_Records for the exercise_
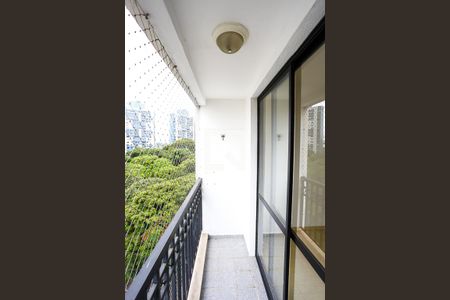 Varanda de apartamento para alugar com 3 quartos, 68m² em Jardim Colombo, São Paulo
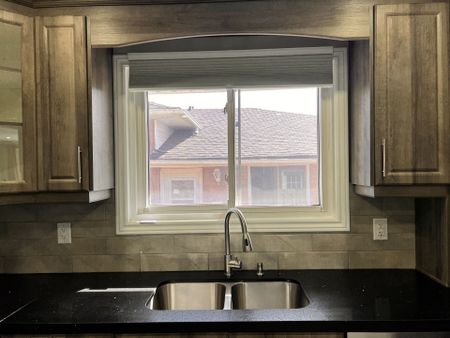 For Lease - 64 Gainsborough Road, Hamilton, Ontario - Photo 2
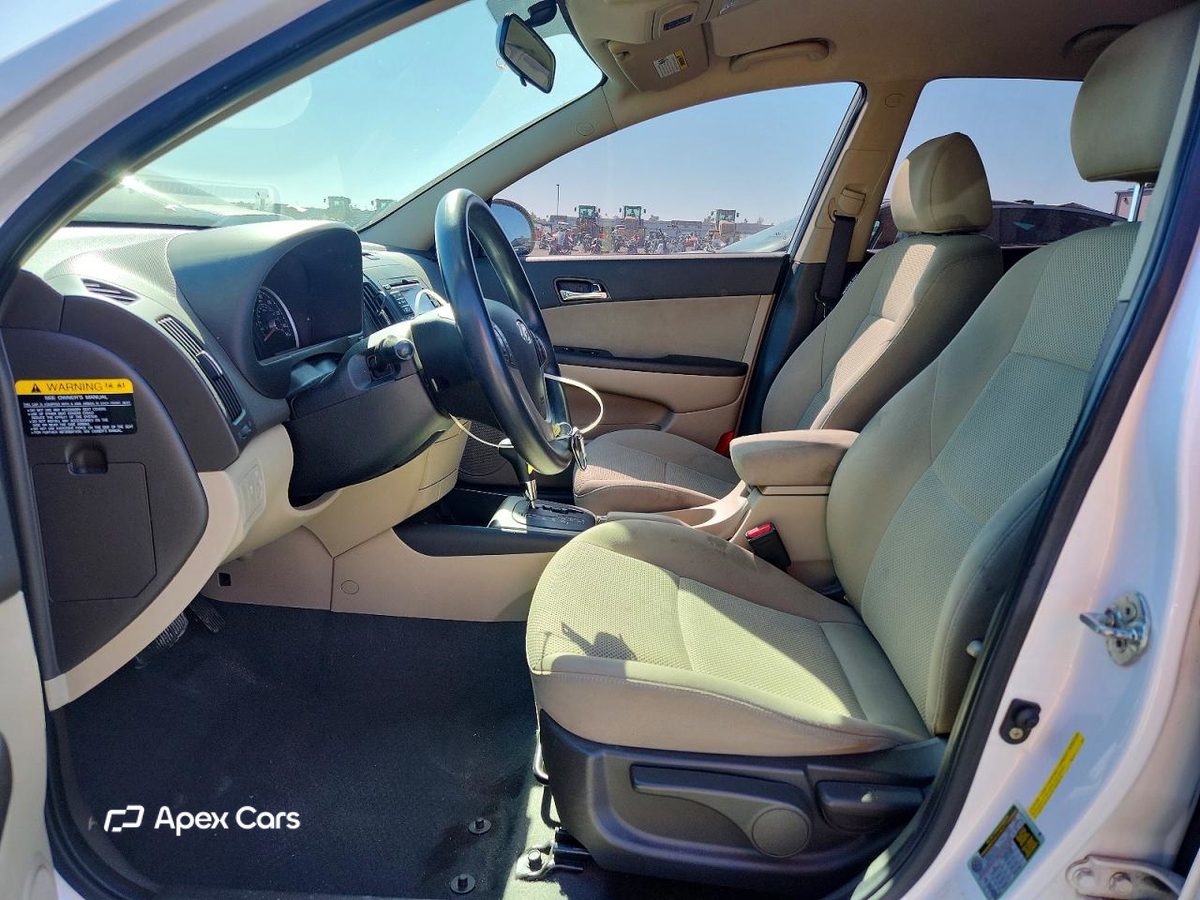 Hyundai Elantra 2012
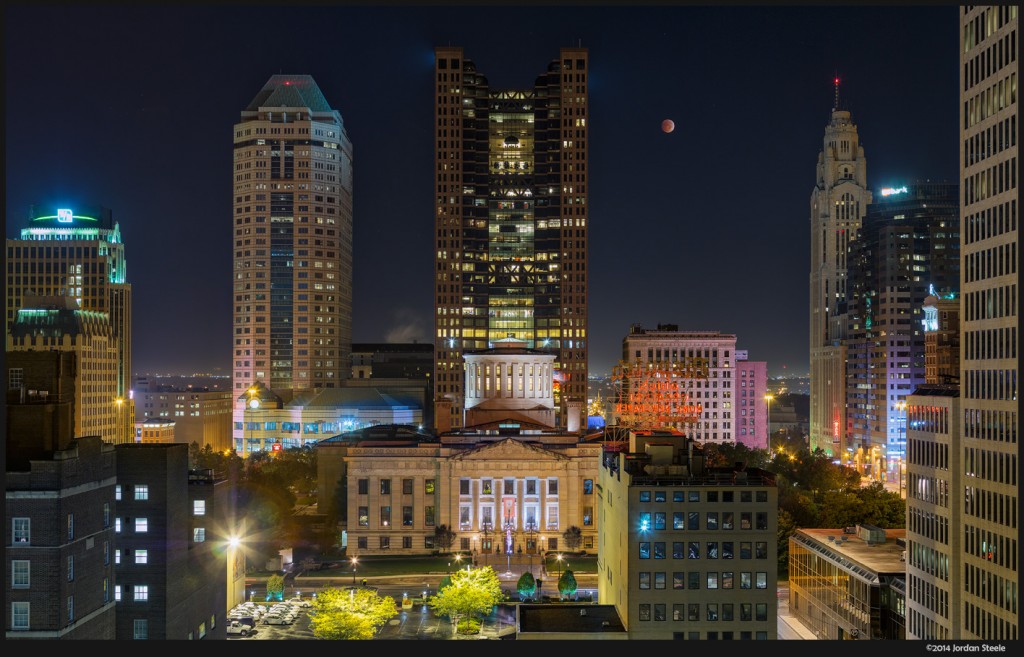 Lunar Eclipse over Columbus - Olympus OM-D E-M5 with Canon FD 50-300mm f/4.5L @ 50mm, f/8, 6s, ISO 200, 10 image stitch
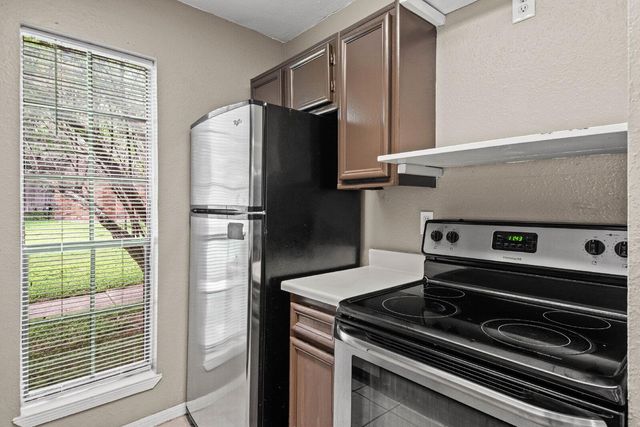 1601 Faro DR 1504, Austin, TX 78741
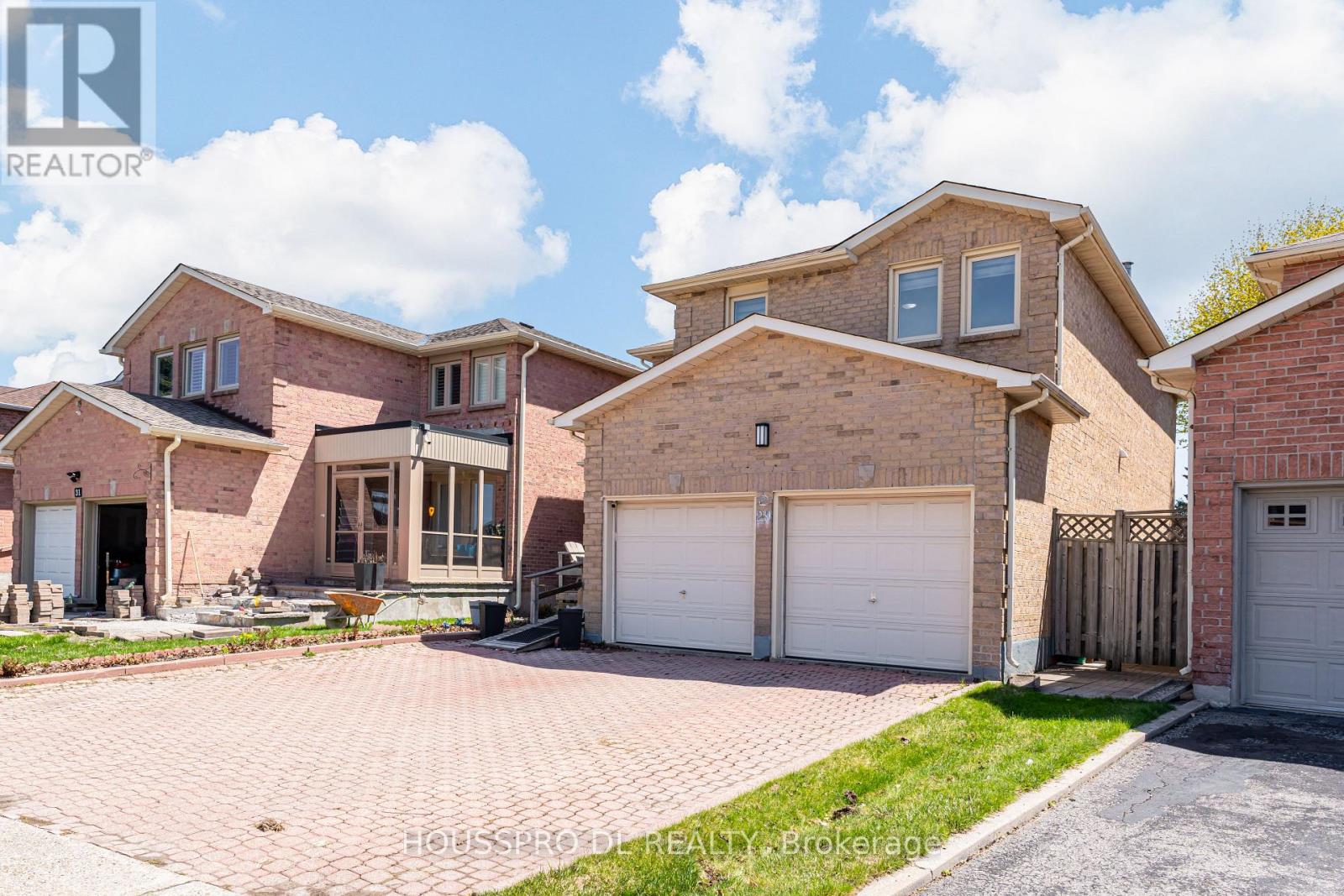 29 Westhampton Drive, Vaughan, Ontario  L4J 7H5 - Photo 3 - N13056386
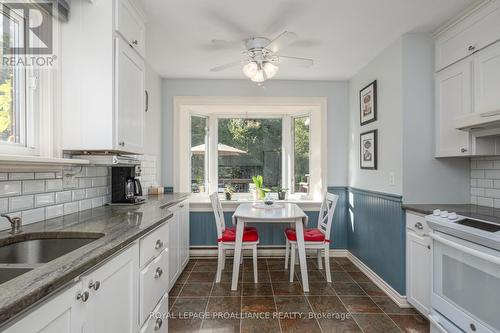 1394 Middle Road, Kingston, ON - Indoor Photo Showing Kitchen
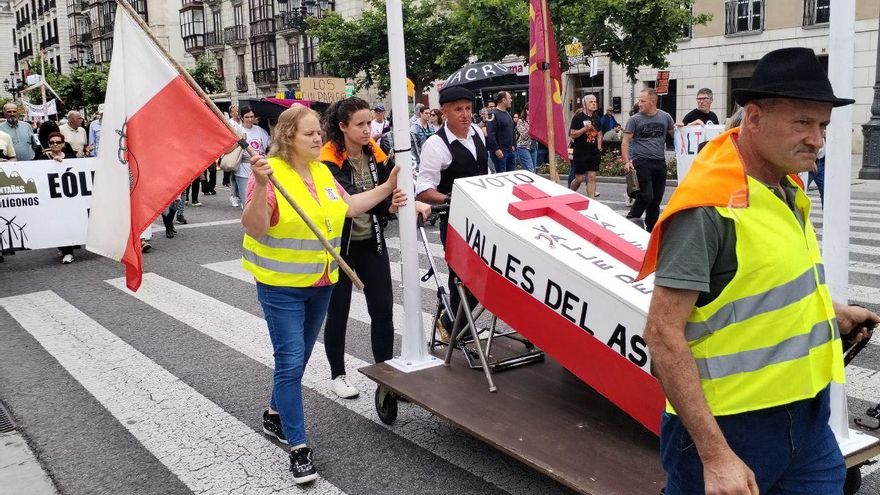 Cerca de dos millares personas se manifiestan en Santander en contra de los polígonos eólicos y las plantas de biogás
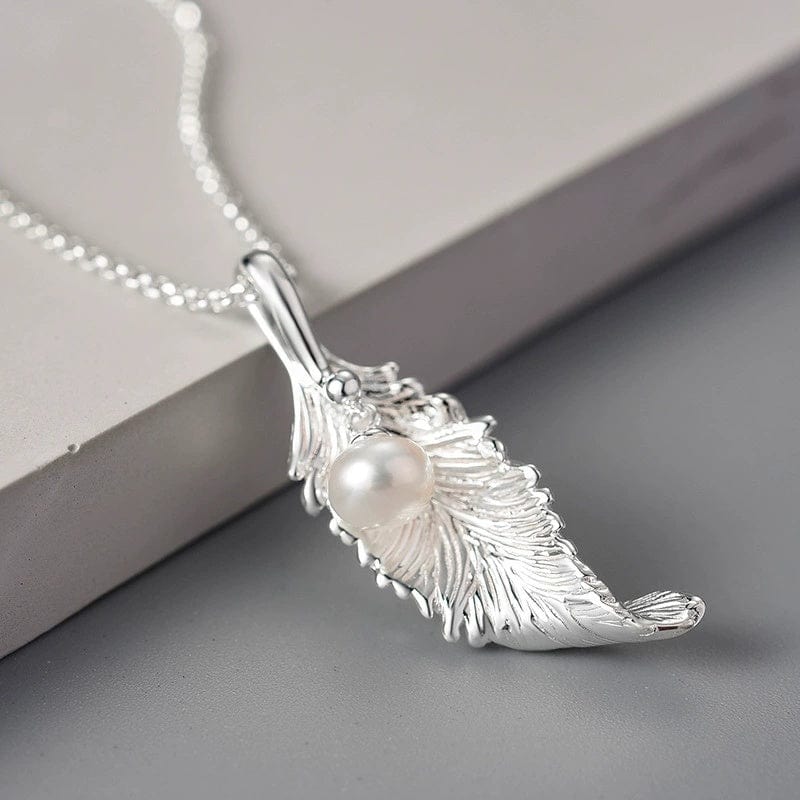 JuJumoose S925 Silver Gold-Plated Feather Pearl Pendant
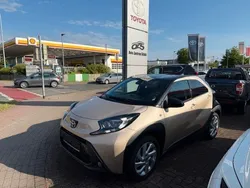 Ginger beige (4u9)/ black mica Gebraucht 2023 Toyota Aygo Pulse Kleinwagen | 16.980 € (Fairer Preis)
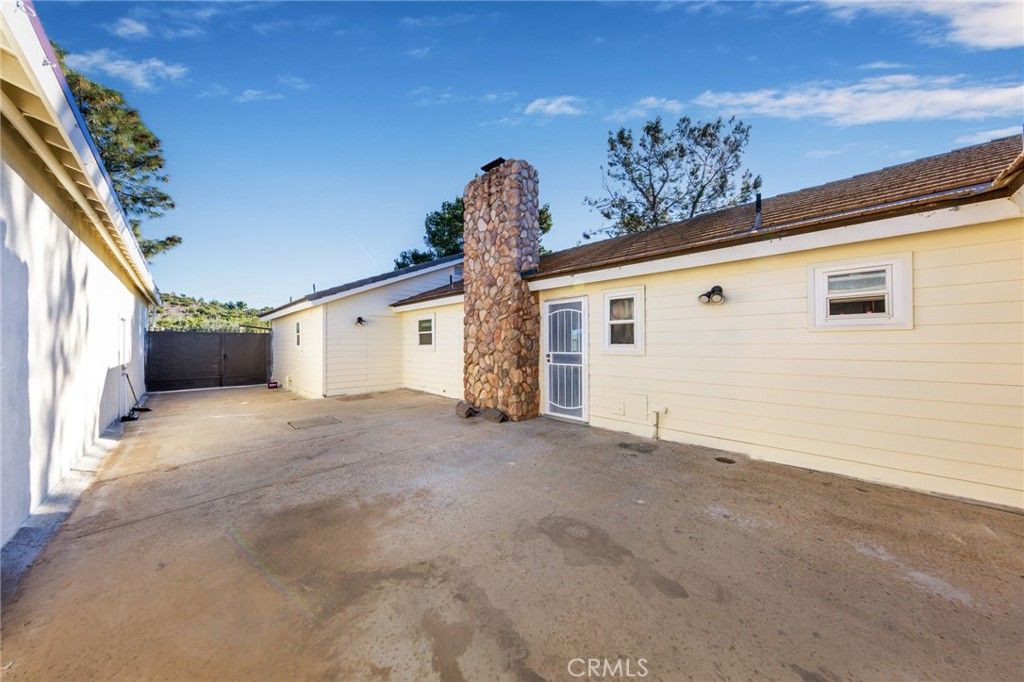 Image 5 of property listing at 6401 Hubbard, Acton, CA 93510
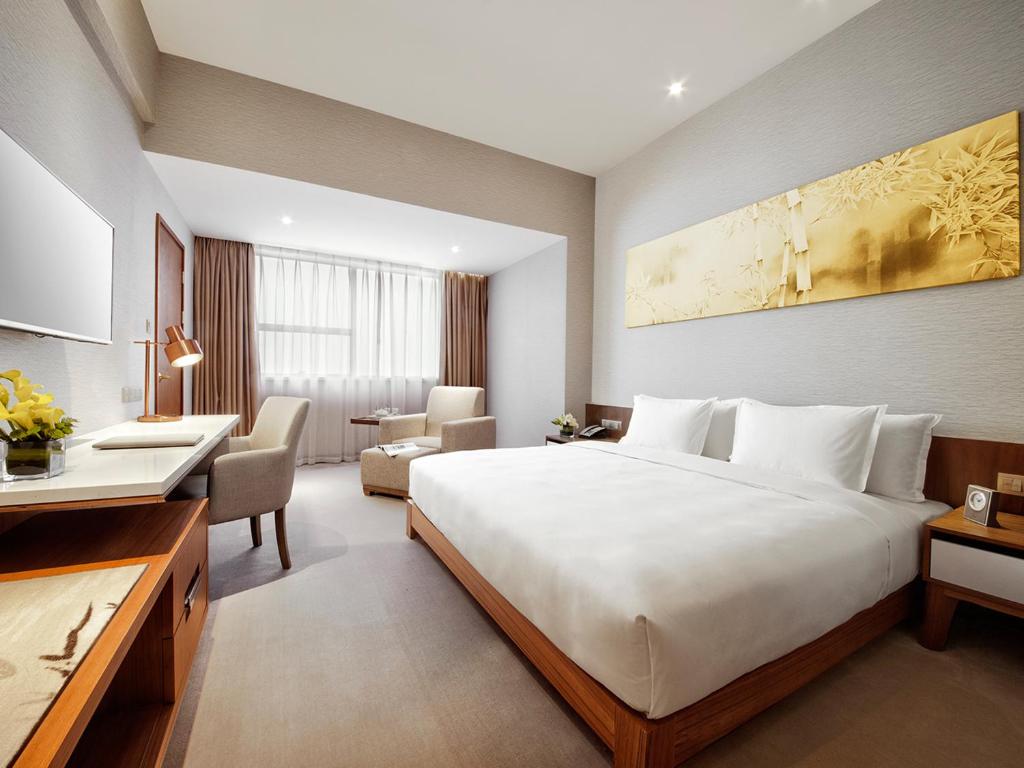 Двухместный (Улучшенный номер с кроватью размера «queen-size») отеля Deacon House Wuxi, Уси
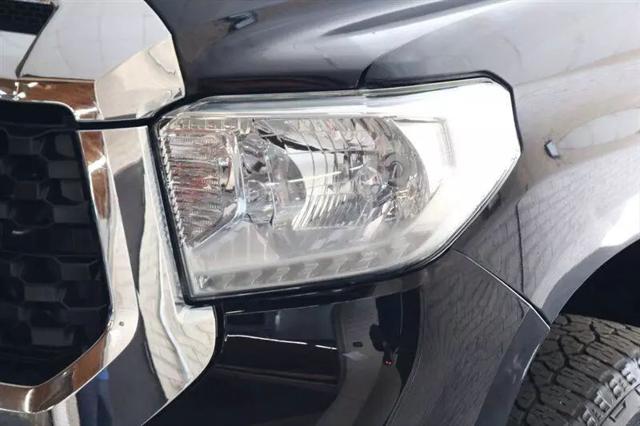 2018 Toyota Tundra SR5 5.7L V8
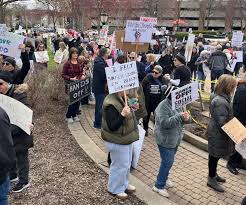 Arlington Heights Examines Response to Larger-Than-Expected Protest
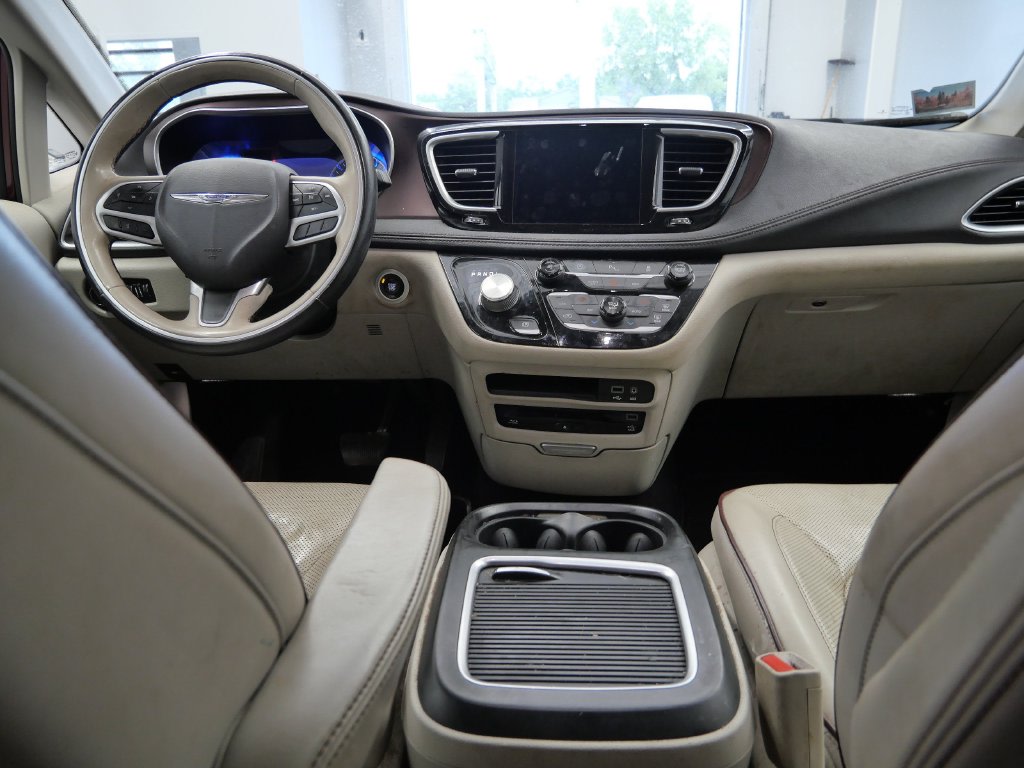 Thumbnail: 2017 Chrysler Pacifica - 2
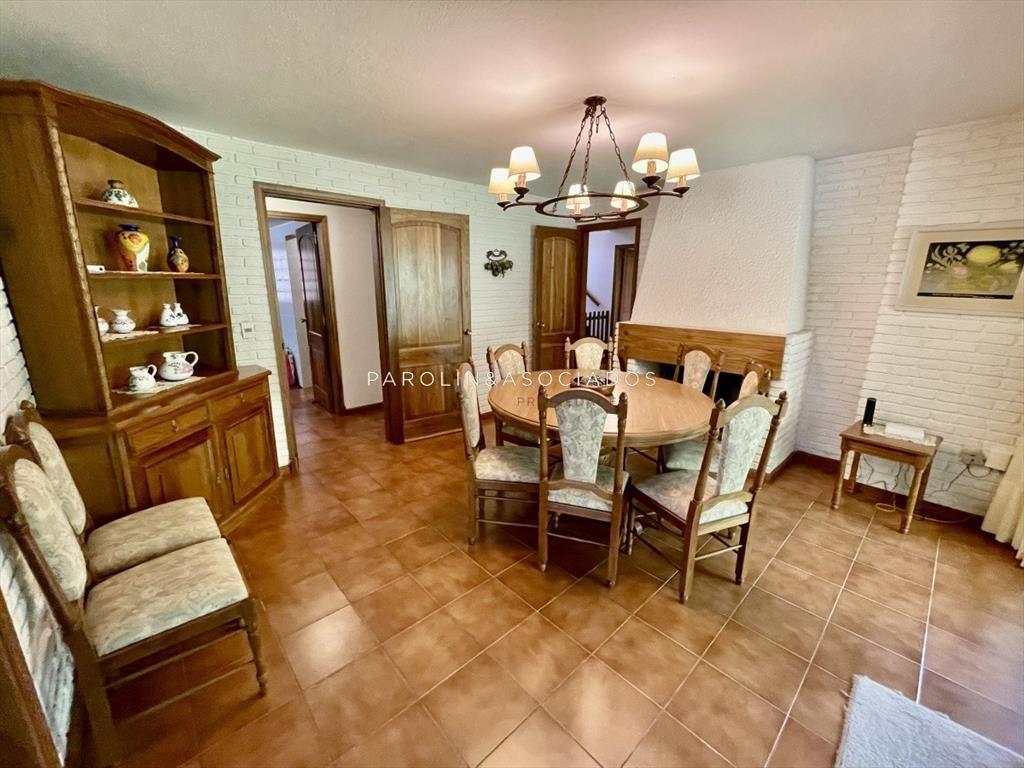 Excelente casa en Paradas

_Task prompt_
The response must match the data line for line, from its first line through the line with "JuJumoose S925 Silver", inclusive, and must leave out the pictures.

_Result of this task_
 Varanda de apartamento para alugar com 3 quartos, 68m² em Jardim Colombo, São Paulo
 For Lease - 64 Gainsborough Road, Hamilton, Ontario - Photo 2
 Hyundai Elantra 2012
 Lunar Eclipse over Columbus - Olympus OM-D E-M5 with Canon FD 50-300mm f/4.5L @ 50mm, f/8, 6s, ISO 200, 10 image stitch
 1601 Faro DR 1504, Austin, TX 78741
 29 Westhampton Drive, Vaughan, Ontario  L4J 7H5 - Photo 3 - N13056386
 1394 Middle Road, Kingston, ON - Indoor Photo Showing Kitchen
 Cerca de dos millares personas se manifiestan en Santander en contra de los polígonos eólicos y las plantas de biogás
 JuJumoose S925 Silver Gold-Plated Feather Pearl Pendant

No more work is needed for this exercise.